Sécurité et stabilité
Pour sa part, Mahamoud Ali Youssouf s’est engagé à renforcer la sécurité régionale et à favoriser l’unité au-delà des clivages linguistiques et culturels. Il estime que les Africains doivent prendre en charge le programme de paix et de sécurité à travers le continent, car le soutien étranger a entravé les progrès durables. Le manque de volonté politique est un obstacle majeur à l’instauration d’une paix durable, pense-t-il.
« Notre Conseil de paix et de sécurité n’est pas proactif. Il réagit aux crises lorsqu’elles se produisent. Il faut que cela change Les forces africaines en attente sont sous-utilisées et, faute de ressources, obligées de compter sur l’Union européenne et d’autres partenaires étrangers », se plaint le Djiboutien, dont le pays accueille pourtant de nombreuses bases militaires étrangères.
Croissance économique
Quant à Richard Randriamandrato, il se dit prêt à libérer le potentiel économique de l’Afrique. L’ancien ministre malgache s’est engagé à prendre des mesures progressives en vue d’une libéralisation totale du commerce, afin de garantir une croissance économique inclusive.
A son avis, le commerce intra-africain est faible (12,6 % seulement de l’ensemble des échanges sur le continent) et accuse un retard considérable par rapport à des régions comme l’Union européenne.

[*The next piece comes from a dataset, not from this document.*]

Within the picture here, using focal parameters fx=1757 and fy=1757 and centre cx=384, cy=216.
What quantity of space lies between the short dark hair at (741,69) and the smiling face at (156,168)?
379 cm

« Je suis économiste et financier. Tout d’abord, pour développer l’économie au niveau continental, nous devons développer le commerce par le biais de la libéralisation », a suggéré M. Randriamandrato qui estime également qu’il est nécessaire de renforcer les blocs économiques régionaux et de réduire l’influence étrangère dans les affaires de sécurité de l’Afrique.
Le choix des pays membres
Pour être porté à la tête de la Commission de l’Union africaine, le candidat doit obtenir une majorité des deux tiers des 55 États membres de l’organisation. Une obligation qui nécessite souvent des alliances régionales et des négociations stratégiques.
À en croire l’avis émis par Edgar Githua, expert en diplomatie, au terme du débat, Mahamoud Ali Youssouf et Raila Odinga sont apparus comme les favoris dans la course à la présidence de la Commission de l’UA. « Raila Odinga a essayé de donner une bonne image de lui-même, mais il est vrai que le candidat djiboutien s’est montré très fort, très persuasif », a estimé M. Githau à la DW.

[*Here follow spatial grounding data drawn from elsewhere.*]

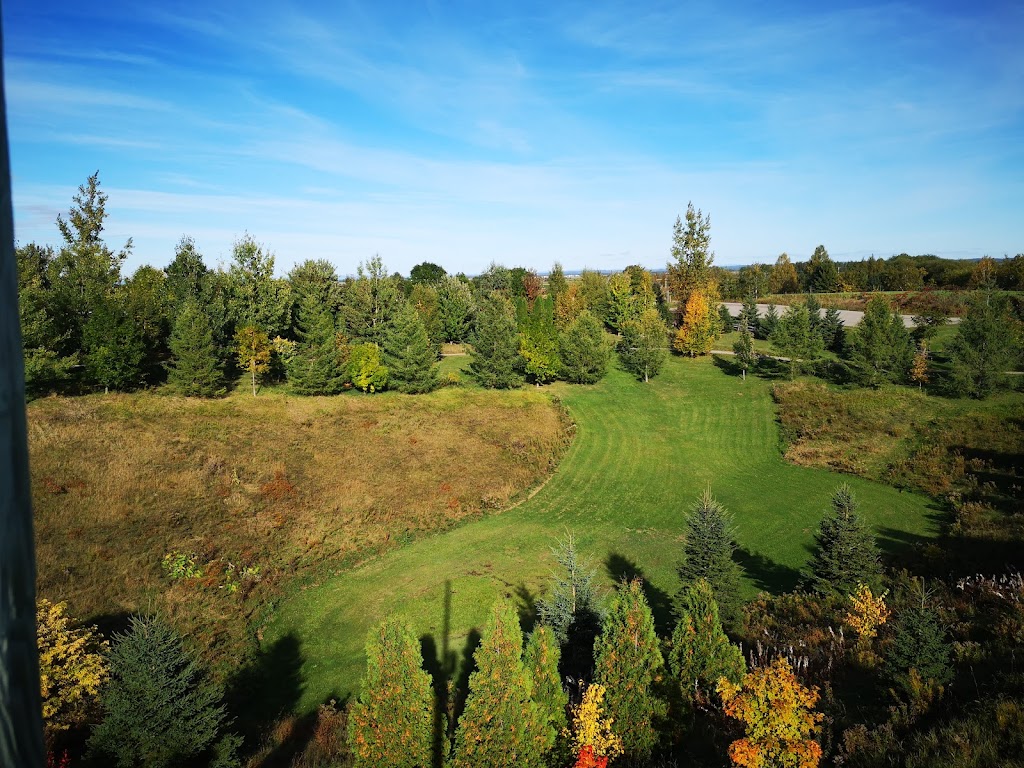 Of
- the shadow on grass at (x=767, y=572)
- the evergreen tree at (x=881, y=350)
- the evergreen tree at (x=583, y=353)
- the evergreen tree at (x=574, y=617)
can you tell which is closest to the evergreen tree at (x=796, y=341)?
the evergreen tree at (x=881, y=350)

Edgar Githua pense que des facteurs culturels et religieux pourraient également favoriser Mahamoud Ali Youssouf. « Je suis le seul candidat capable de faire la passerelle entre les différentes régions de l’Afrique, étant francophone, mais également anglophone et arabophone », avait-il assuré en juillet dans un entretien avec la presse.
Pour ce mandat convoité, la présidence de la Commission est réservée à un représentant de l’Afrique de l’Est selon la procédure convenue entre les États membres de l’UA, rappelle-t-on.